- What to work on:
If pictures appear, leave them out, and return exactly the lines from the one holding "2019 05 04 Brabant Wine Trophy-53" through the last line of the listing below.

═════ Exercise input ═════

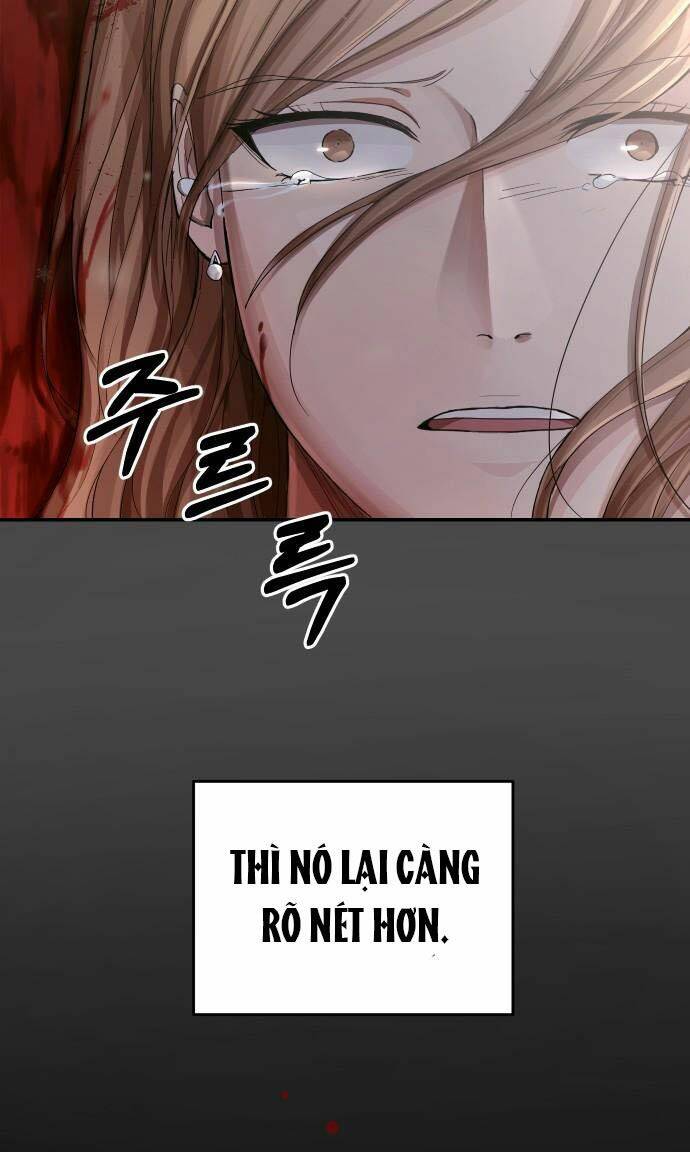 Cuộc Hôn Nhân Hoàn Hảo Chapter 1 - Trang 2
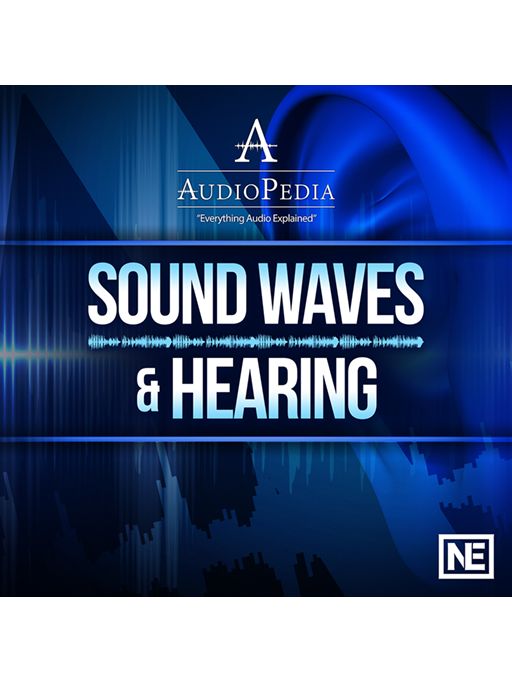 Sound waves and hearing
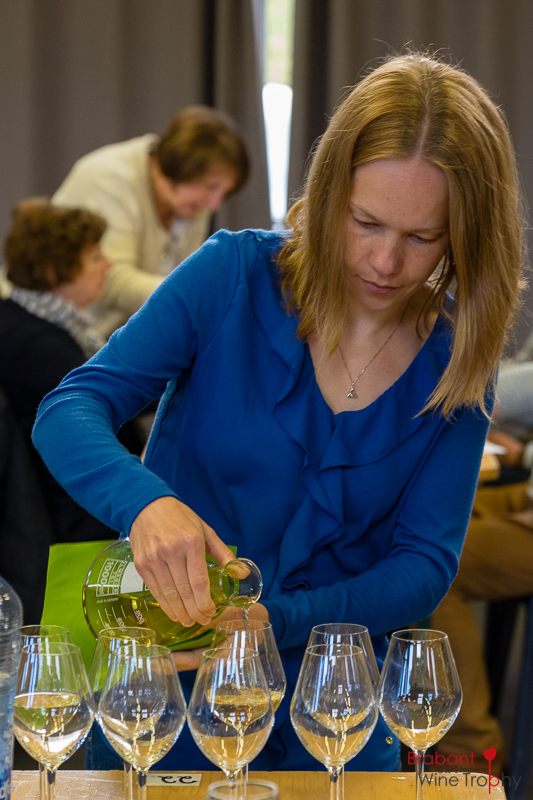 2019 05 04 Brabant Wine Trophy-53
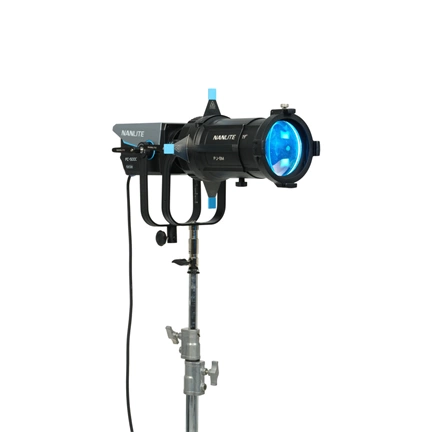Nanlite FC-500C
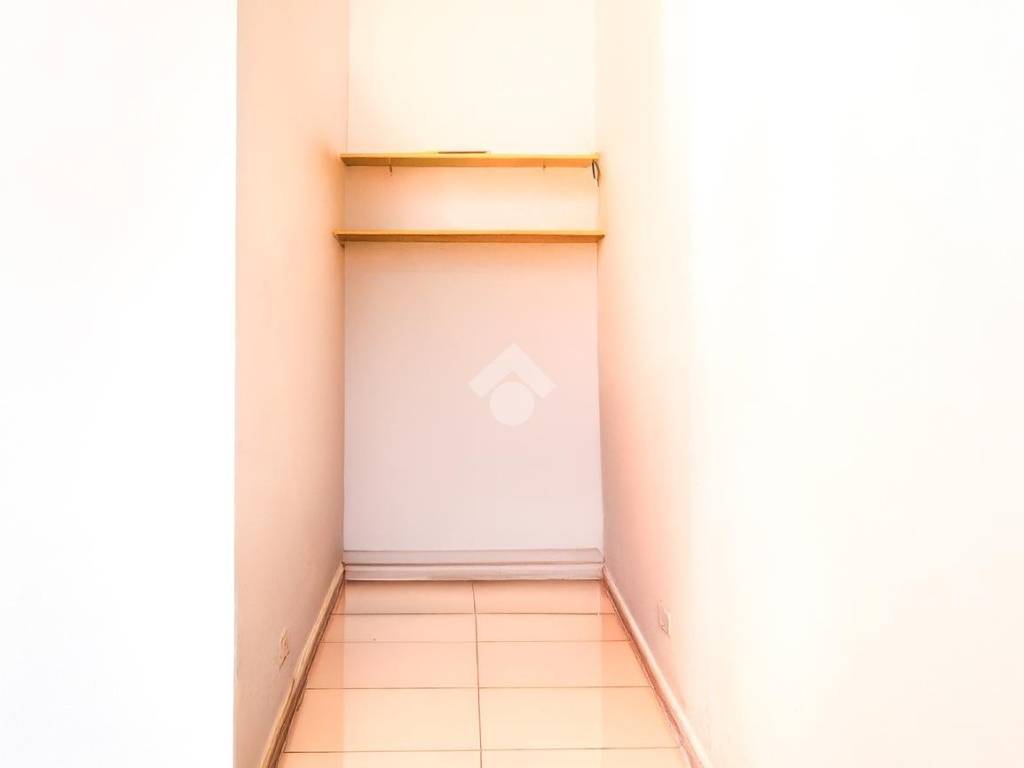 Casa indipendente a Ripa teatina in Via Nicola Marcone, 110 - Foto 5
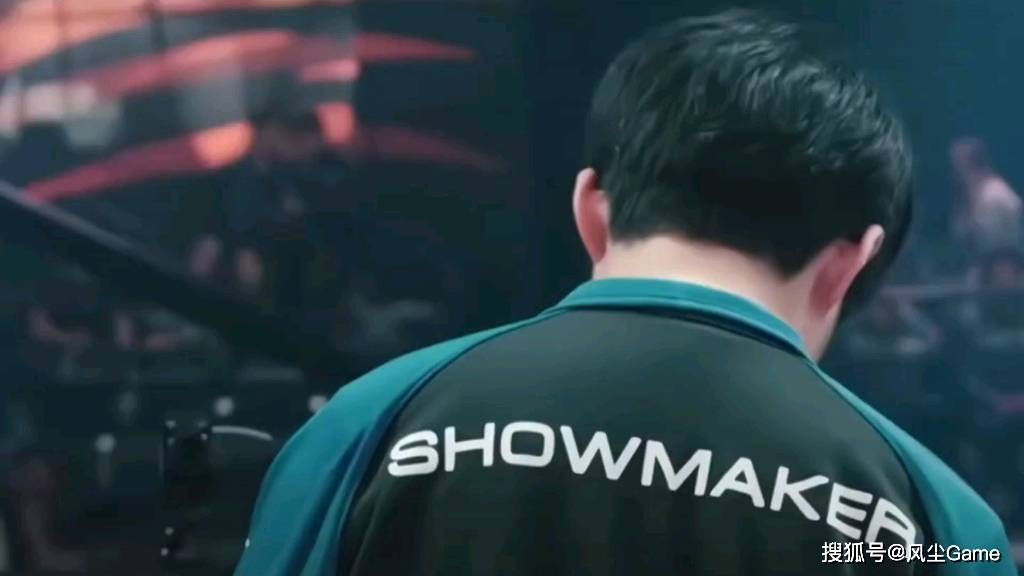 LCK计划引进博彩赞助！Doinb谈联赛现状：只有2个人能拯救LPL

═════

- Answer box:
 2019 05 04 Brabant Wine Trophy-53
Nanlite FC-500C
 Casa indipendente a Ripa teatina in Via Nicola Marcone, 110 - Foto 5
 LCK计划引进博彩赞助！Doinb谈联赛现状：只有2个人能拯救LPL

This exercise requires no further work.